Hi all, a couple of days ago I came up with this method to recognize and solve the trickiest part of Roux LSE, which is that case at the end where you end up with the 3-edge cycle. It includes a very short algorithmic sequence which makes the method straightforward to learn if you're new to Roux and you want to speed up this part which can be tricky to recognize/execute with the methods that I have seen so far.

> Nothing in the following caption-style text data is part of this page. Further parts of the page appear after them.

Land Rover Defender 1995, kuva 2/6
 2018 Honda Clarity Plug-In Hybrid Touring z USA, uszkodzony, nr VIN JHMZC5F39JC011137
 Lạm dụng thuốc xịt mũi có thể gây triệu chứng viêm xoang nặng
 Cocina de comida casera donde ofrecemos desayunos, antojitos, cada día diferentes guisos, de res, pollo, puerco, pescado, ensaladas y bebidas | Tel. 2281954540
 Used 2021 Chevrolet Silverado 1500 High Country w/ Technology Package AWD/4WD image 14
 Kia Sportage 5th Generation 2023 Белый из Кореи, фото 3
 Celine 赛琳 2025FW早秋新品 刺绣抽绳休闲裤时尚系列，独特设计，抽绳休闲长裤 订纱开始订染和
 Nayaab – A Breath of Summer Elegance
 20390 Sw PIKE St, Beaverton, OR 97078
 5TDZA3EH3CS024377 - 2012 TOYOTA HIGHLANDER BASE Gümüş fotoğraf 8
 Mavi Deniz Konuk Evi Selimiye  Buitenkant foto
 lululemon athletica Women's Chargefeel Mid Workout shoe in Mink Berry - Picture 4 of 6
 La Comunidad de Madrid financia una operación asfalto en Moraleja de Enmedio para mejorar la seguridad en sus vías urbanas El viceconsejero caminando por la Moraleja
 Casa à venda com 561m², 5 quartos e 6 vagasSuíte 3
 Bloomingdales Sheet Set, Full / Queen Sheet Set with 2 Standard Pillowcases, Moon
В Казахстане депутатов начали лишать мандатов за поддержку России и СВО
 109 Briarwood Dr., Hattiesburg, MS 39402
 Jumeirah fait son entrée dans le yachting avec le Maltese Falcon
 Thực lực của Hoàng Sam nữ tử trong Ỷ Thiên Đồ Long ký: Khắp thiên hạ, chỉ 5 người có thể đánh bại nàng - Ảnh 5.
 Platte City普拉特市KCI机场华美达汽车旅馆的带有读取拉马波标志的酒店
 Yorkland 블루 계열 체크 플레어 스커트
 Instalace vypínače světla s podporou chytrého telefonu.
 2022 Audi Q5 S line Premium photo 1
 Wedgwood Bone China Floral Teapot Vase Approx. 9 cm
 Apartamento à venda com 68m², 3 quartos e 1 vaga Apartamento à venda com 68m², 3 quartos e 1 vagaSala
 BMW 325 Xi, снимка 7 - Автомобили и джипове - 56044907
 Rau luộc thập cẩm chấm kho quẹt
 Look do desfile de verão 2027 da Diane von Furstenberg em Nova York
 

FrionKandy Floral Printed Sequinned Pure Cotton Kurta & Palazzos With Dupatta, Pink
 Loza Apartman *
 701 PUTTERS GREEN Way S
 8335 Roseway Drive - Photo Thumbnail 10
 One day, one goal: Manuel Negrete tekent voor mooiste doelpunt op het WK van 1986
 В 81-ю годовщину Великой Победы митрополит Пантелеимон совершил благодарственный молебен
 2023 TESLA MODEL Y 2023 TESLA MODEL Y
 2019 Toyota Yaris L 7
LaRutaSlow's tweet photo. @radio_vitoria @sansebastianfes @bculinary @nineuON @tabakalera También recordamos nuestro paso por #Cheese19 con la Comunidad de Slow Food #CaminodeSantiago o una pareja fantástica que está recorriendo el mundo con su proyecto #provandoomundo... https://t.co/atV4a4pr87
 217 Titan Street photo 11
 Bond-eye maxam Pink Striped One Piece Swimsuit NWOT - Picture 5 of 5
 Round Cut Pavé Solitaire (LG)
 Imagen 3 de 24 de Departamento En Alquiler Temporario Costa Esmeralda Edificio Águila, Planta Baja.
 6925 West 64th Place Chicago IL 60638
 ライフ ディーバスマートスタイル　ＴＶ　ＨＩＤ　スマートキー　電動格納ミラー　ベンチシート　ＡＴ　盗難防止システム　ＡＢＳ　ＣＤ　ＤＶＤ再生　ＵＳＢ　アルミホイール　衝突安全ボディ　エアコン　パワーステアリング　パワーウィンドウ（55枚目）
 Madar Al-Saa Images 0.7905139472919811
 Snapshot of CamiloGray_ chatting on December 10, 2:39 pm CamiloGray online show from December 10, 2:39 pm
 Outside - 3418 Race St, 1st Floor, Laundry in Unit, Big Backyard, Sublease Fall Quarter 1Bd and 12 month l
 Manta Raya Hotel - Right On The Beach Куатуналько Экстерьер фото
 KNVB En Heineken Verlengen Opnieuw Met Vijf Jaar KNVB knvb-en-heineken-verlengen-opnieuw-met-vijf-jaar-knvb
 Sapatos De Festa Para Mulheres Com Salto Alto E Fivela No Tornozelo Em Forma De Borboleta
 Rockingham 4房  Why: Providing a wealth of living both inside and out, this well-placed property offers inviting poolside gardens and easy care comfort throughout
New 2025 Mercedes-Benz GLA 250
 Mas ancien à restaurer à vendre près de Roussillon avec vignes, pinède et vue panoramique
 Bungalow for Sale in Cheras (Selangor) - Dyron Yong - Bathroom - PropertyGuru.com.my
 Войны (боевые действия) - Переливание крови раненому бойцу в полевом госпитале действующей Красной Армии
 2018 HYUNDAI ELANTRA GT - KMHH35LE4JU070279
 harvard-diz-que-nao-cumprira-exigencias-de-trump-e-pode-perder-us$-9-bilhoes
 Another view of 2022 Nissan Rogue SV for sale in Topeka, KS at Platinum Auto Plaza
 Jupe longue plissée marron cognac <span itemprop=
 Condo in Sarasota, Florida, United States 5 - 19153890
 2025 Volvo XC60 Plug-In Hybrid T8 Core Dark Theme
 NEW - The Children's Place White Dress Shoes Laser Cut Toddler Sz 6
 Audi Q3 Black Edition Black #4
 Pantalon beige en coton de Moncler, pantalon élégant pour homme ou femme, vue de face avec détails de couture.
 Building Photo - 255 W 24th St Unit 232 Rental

I would greatly appreciate the feedback/criticism if you're a proficient Roux solver!


----------



## hellocubers (Aug 2, 2021)

well that's great! I've been struggling with 4c. But thanks!


----------



## GodCubing (Aug 2, 2021)

I personally use BU, I even have a vid. I think BU is quite easy personally however, do what works for you.


----------



## abunickabhi (Aug 2, 2021)

Pax said:


> Hi all, a couple of days ago I came up with this method to recognize and solve the trickiest part of Roux LSE, which is that case at the end where you end up with the 3-edge cycle. It includes a very short algorithmic sequence which makes the method straightforward to learn if you're new to Roux and you want to speed up this part which can be tricky to recognize/execute with the methods that I have seen so far.
> 
> 
> 
> ...


I sometimes try to solve a 5-cycle when in LSE stage. Its a bit harder as there are more possibilities for 5-cycles to exist in LSE.


----------